After watching the carnage from the PC Party crashing and burning last night, everyone in Saskatchewan seemed to have opinions on what the Alberta election meant for Saskatchewan.
For those on the right, they predicted a wave of people from Alberta moving from the business hating Alberta to the business friendly Saskatchewan. They seem to expect that when Notley does the unthinkable and raise oil royalties, Alberta companies will flee for Saskatchewan (despite the fact that Peter Lougheed did the exact same thing decades ago. They ignore the fact that the oil is in Alberta and therefore so are the jobs. Also as Ontario proved during the Rae years, business will just stay put and vote in a new government before they move to another province. Roots are important to people, they just don’t get up and leave. So let’s cool down and ignore those idiots who have actually prediction an influx of a million people to Saskatchewan over the next couple of years and relax. No one chooses a province based on partisan politics. It is based on jobs and work.
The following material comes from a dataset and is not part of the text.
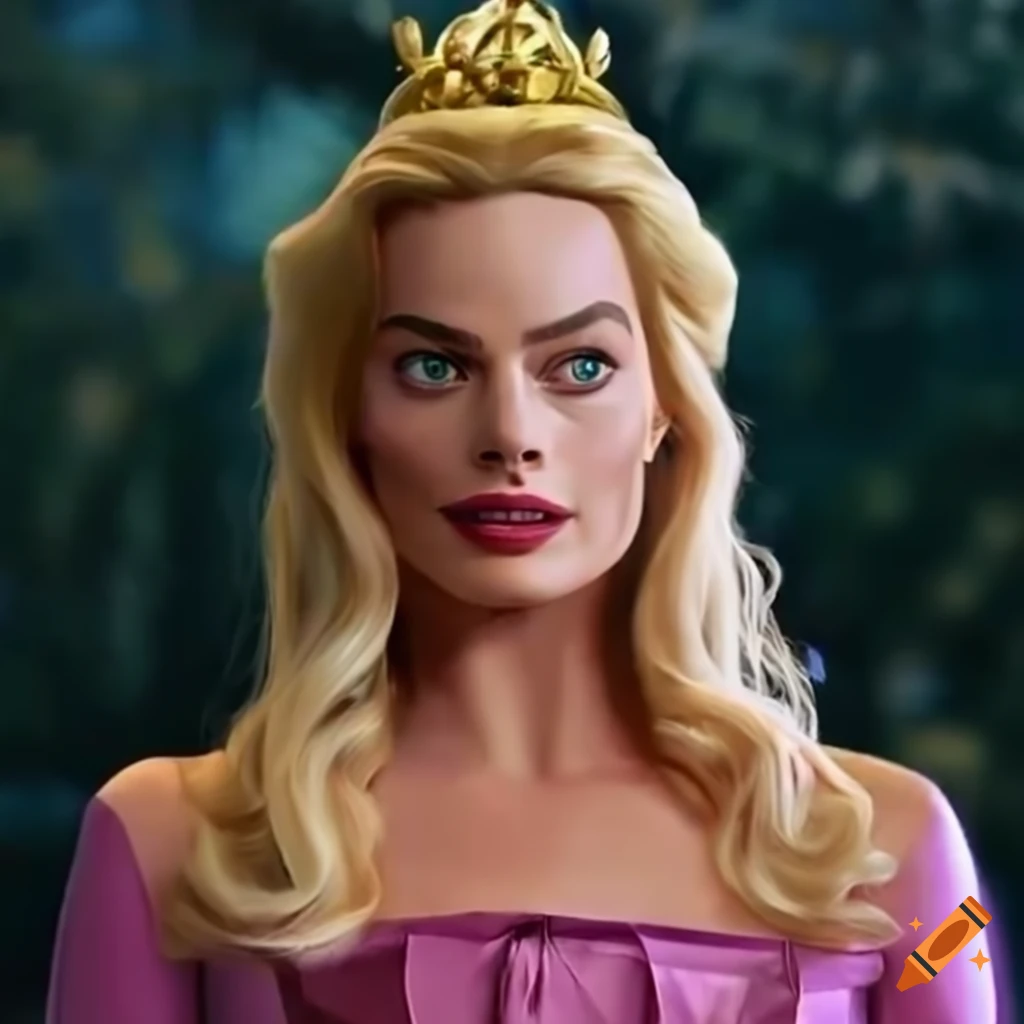 margot-robbie-as-princess-aurora-in-a-medieval-pink-gown-on-craiyon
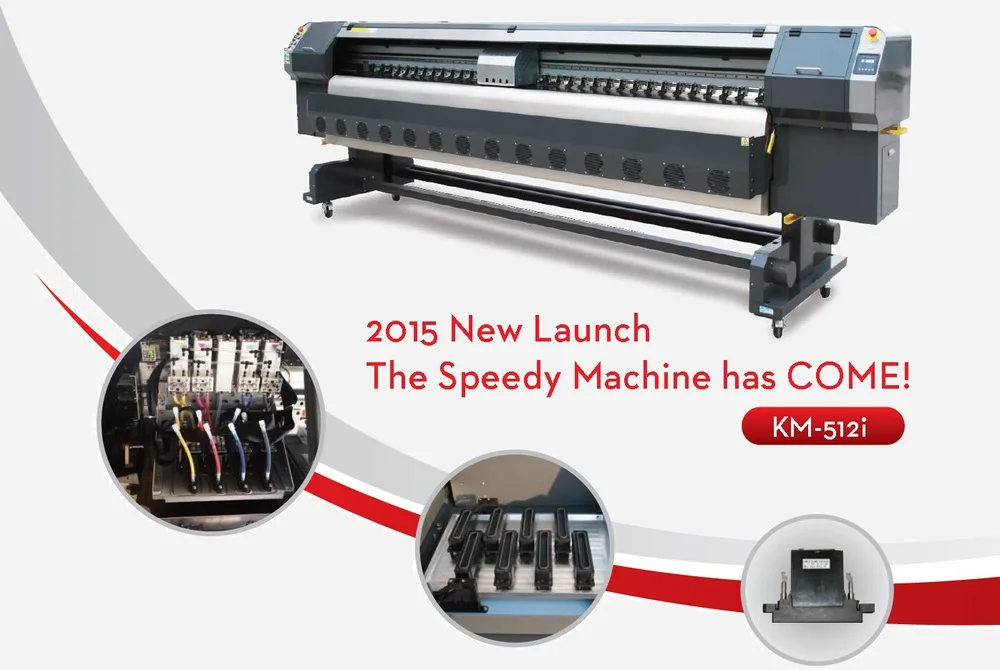 Large Format Konica Printer Sinocolor Km512i With Konica Minolta Km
Those on the left see this as another evidence of an orange wave. I don’t think it was a move to the NDP as much as it was a total rejection of the PC Party of Alberta. There will be some vote analysis done but I would suspect Alberta was a really frustrated electorate. If Notley governs well, then great but if she doesn’t, then she will be done. Also keep in mind that Alberta is a very progressive big government province. It is just paid for by oil royalties. It has lead the way in some of the most innovative housing, homeless, poverty reduction and education strategies in North America and do you know what, no one has cared. In fact the Wildrose Party has pushed for more of those kind of programs, especially with seniors care.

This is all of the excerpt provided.